There are many benefits to being an RIA. It is the only way you can legally charge fees, whether an hourly rate, a flat fee, or a percentage of assets under management. It allows you legally to provide a wider range of services and financial planning recommendations, which can increase your revenues and market penetration. Finally, this license can be a big advantage when it comes to attracting more sophisticated and upscale clients.
The confusion starts with how to spell adviser. English teachers have long favored the use of “advisor.” Then, in 1940, Congress opted for adviser with its passage of the Investment Advisers Act. Over the next half century, a dual spelling system – adviser vs. advisor – fought it out in the legal and popular press. In the end, many journalists yielded to Congress. Bloomberg Press style now conforms to that of Congress and uses only the adviser spelling.
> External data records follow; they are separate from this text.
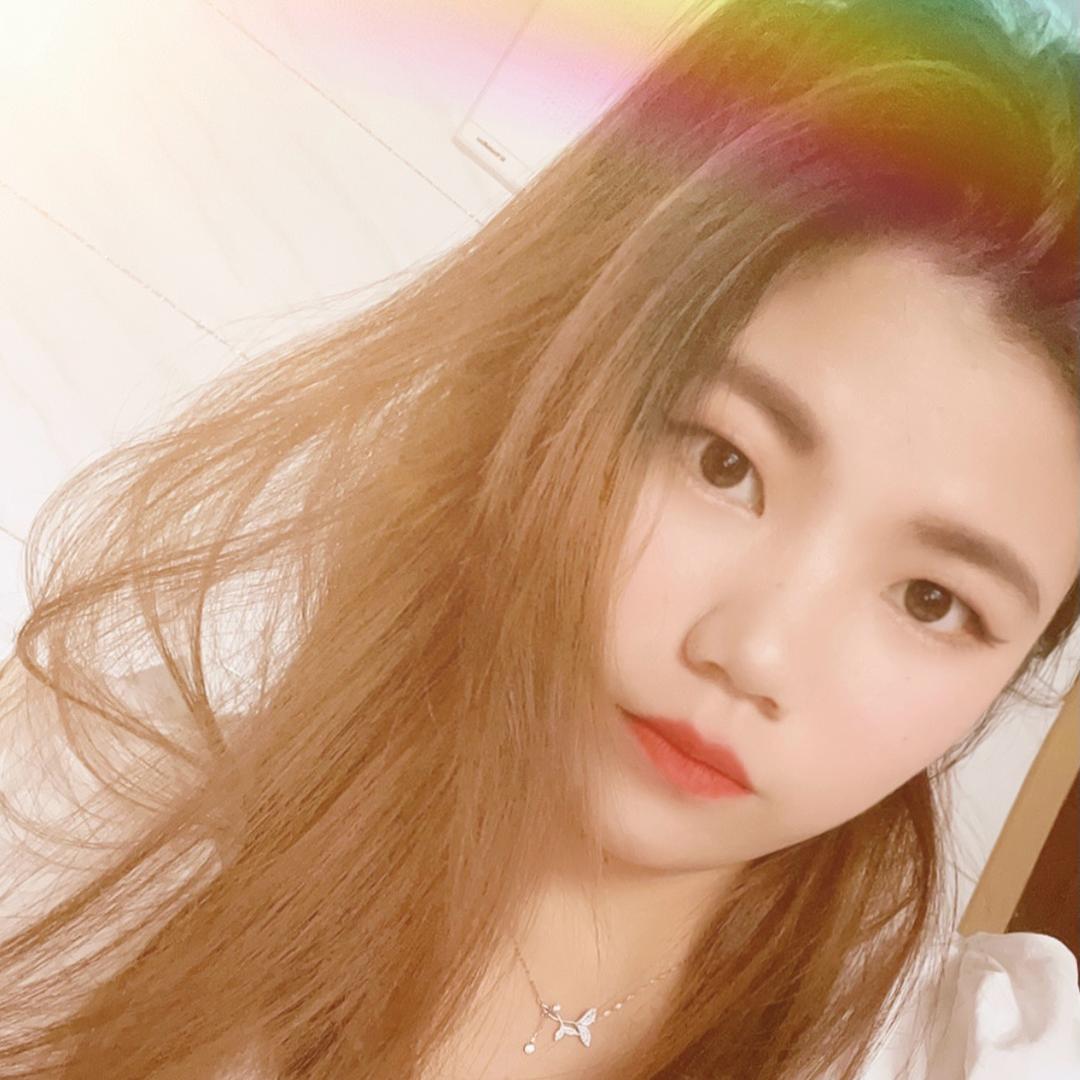 xiuxiu💋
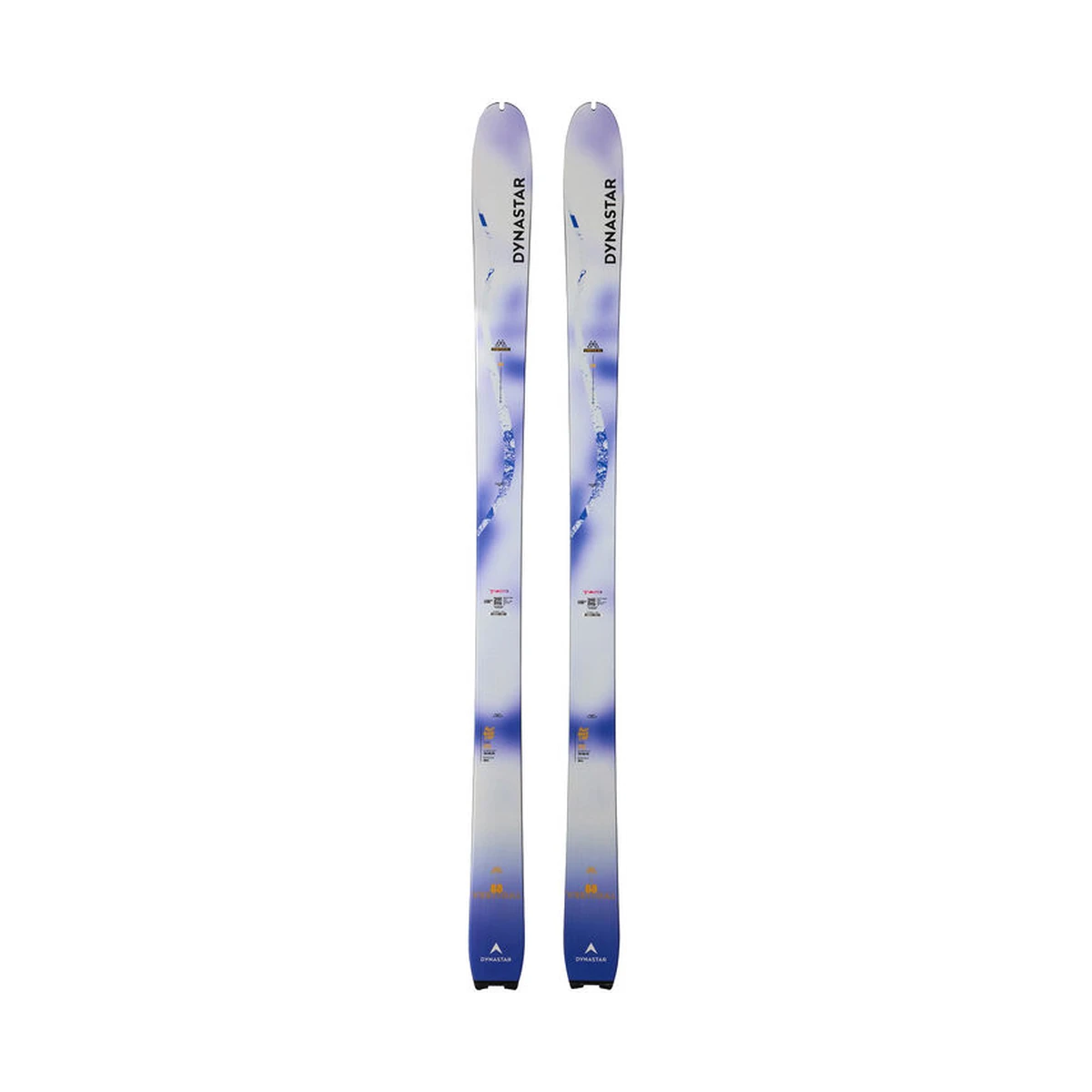 M-Vertical 88 White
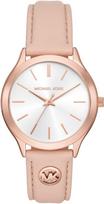 Michael Kors Slim Runway MK7545 Wristwatch 38 mm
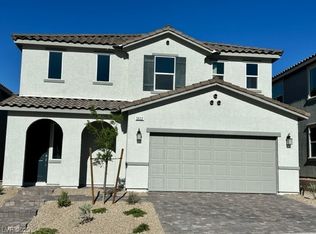 5632 Hill Spire St, Las Vegas, NV 89166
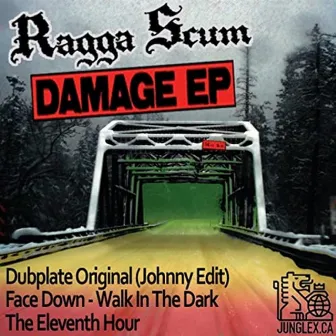 Damage by Ragga Scum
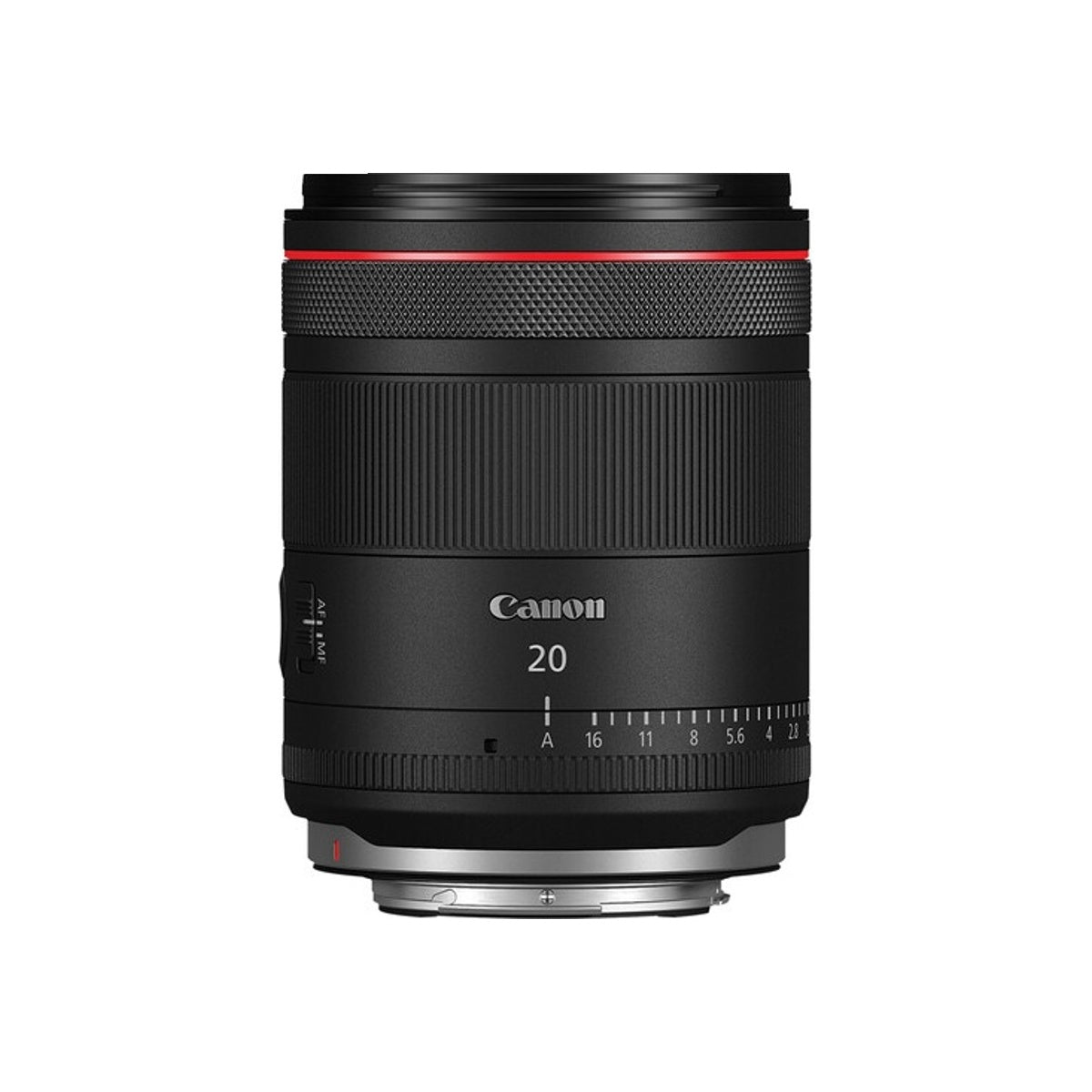 Canon RF 20mm f1.4 L VCM Lens Canon RF 20 mm f/1.4L VCM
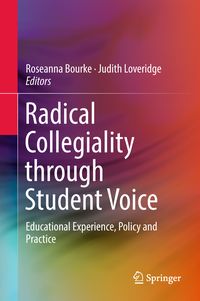 Produktbild: Radical Collegiality through Student Voice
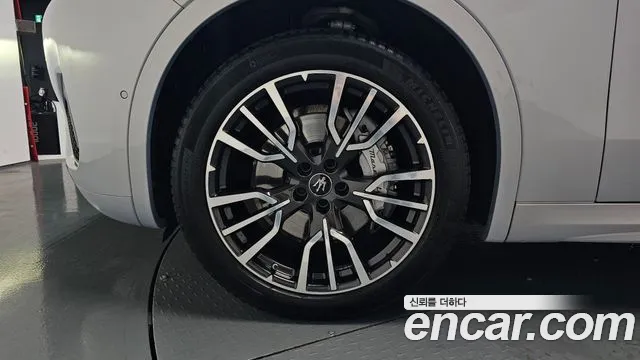 Maserati Grecale 2023 thumb 10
As Congress has yet to pass an “advisery” rule, that word remains true to its original form and is spelled “advisory.”
This chapter makes the whole subject more clear and offers strategies for avoiding common but dangerous land mines. Look for two main things in this chapter and how their application will affect you and your practice:
1. The definition of investment adviser on both federal and state levels. Does your firm fit that definition, or are you and your firm exempt or excluded from having to register?
2. If your firm is an investment adviser, are you responsible to the SEC, your state, or both for oversight? The 1996 Investment Advisers Supervision Coordination Act created a distinction between large RIAs, which must be registered with the SEC, and smaller firms, which must be registered with state securities administrators. How does this legislation affect your practice?
Firm and Individual Registration
IT IS IMPORTANT TO DIFFERENTIATE at the outset between firm and individual registration. Large investment advisers are typically corporations who retain individuals who are investment adviser representatives or associated persons. These are the people who are actually meeting with clients and giving investment advice. Sometimes an RIA is an unincorporated sole proprietor. Both the large corporate entity and the unincorporated sole proprietor are considered to be the RIA or the “firm.” However, only when a sole proprietor is registered as an RIA is the individual person an RIA. This distinction is frequently misunderstood and used erroneously in the industry where it is not uncommon to hear individuals say they are RIAs when in fact it is their corporation that is the RIA and the individuals are technically representatives or associated persons of the firm. In this book, when using the phrase “registering as an RIA,” it means either the individual must register as an RIA or affiliate with an RIA.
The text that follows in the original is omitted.